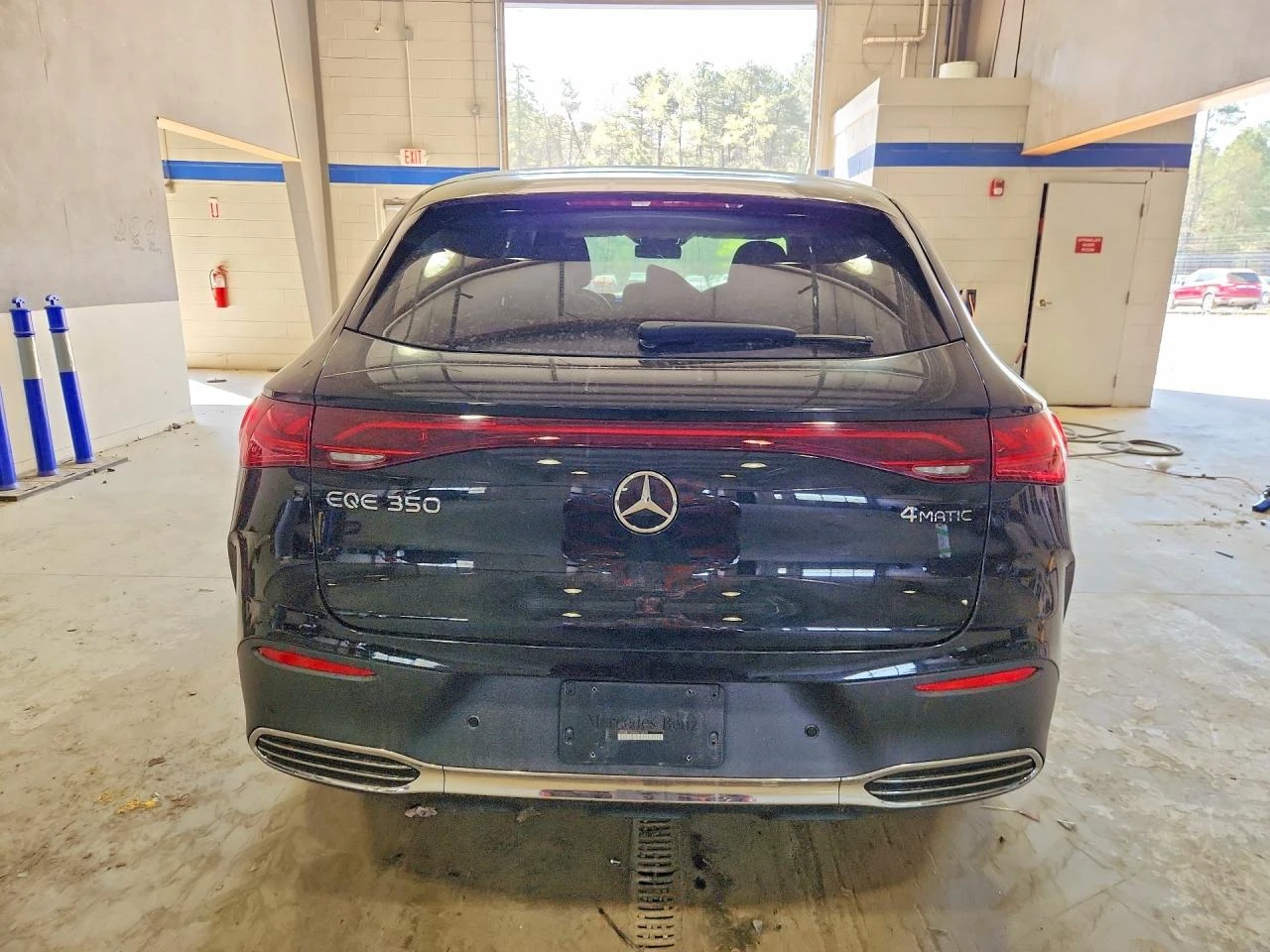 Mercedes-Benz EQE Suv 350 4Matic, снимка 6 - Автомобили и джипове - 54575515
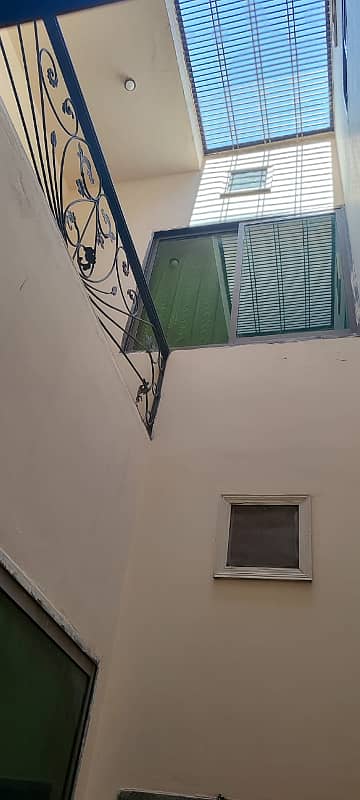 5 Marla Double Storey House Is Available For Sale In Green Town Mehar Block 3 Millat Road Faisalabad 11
==============================
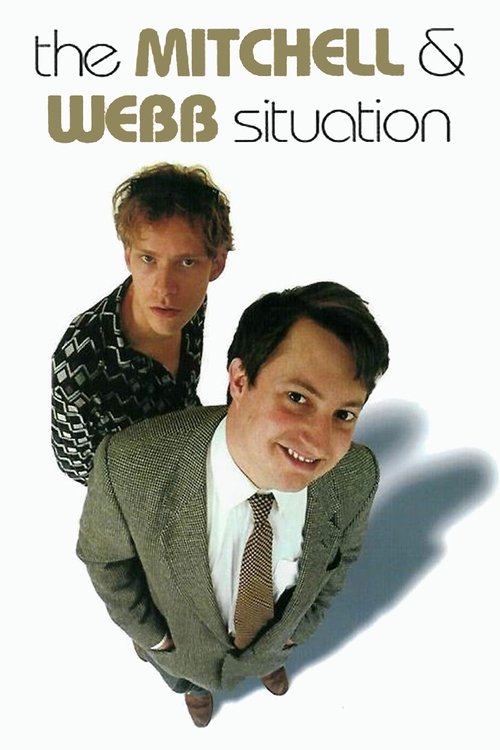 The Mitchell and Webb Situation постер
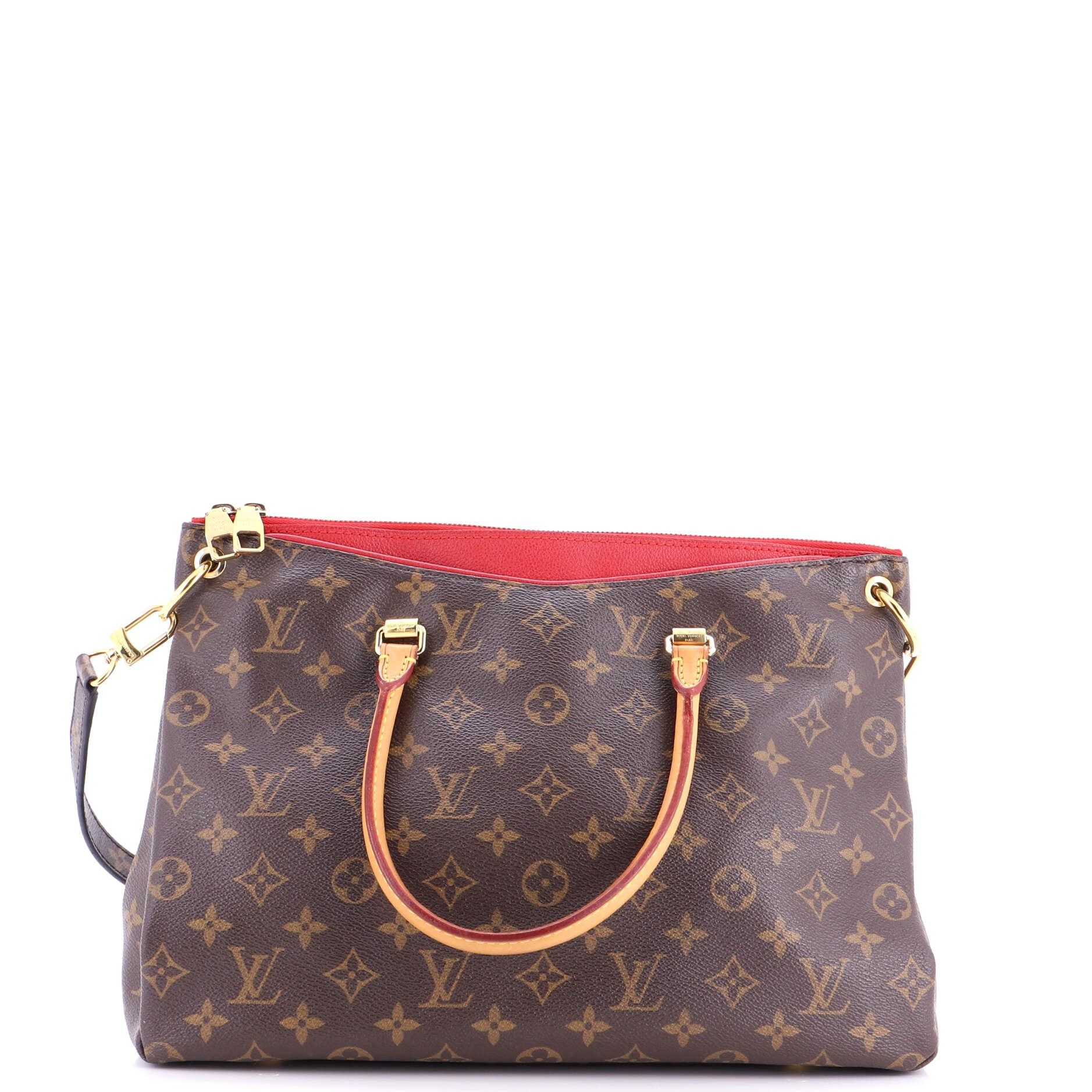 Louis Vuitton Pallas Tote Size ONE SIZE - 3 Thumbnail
==============================
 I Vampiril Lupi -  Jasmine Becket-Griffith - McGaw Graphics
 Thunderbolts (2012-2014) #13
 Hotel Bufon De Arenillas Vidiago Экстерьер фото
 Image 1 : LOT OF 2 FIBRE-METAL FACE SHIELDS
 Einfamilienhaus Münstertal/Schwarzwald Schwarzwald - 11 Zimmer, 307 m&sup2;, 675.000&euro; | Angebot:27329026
==============================
[PROBLEM TO SOLVE] Lines to set down from above: the line with "Hotel Bufon De", the line with "Einfamilienhaus Münstertal/Schwarzwald Schwarzwald", and every line between, each exactly as written.

[FINISHED EXERCISE]
 Hotel Bufon De Arenillas Vidiago Экстерьер фото
 Image 1 : LOT OF 2 FIBRE-METAL FACE SHIELDS
 Einfamilienhaus Münstertal/Schwarzwald Schwarzwald - 11 Zimmer, 307 m&sup2;, 675.000&euro; | Angebot:27329026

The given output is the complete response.